Data centres are totally reliant on a consistent supply of clean power and any deviation from this creates severe repercussions. Therefore, Uninterruptible Power Supply (UPS) systems, such as those supplied by Chloride, are installed as the default backup source for protecting against this type of scenario, and the majority of them have traditionally relied upon batteries to provide this.
Typically, when a power interruption occurs, the UPS system draws power from a bank of batteries to provide ‘ridethrough’ power to keep servers online until the diesel generator can start up and begin powering the facility. However, as data centres struggle for space, the smaller footprint of flywheel-based UPS systems, which take up considerably less space than battery banks, are presenting a very viable and attractive alternative. Coupled with their longer life cycle, lower cost of maintenance and their environmentally friendly credentials as a result of not using hazardous and toxic chemicals, flywheels provide some obvious advantages over conventional battery systems.
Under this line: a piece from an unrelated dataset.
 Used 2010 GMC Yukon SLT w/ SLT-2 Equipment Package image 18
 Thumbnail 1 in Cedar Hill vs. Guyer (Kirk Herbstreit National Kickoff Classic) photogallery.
The origins and use of flywheel technology for mechanical energy storage began several hundred years ago and was developed throughout the industrial Revolution. During the 1960s and 1970s, NASA sponsored programs proposed energy storage flywheels as possible primary sources for space missions. However, it wasn’t until the 1980s when the necessary components, such as magnetic bearing systems and high power density
motor-generators came into existence, that the technology was able to develop into the many current forms of energy storage that flywheels can now provide.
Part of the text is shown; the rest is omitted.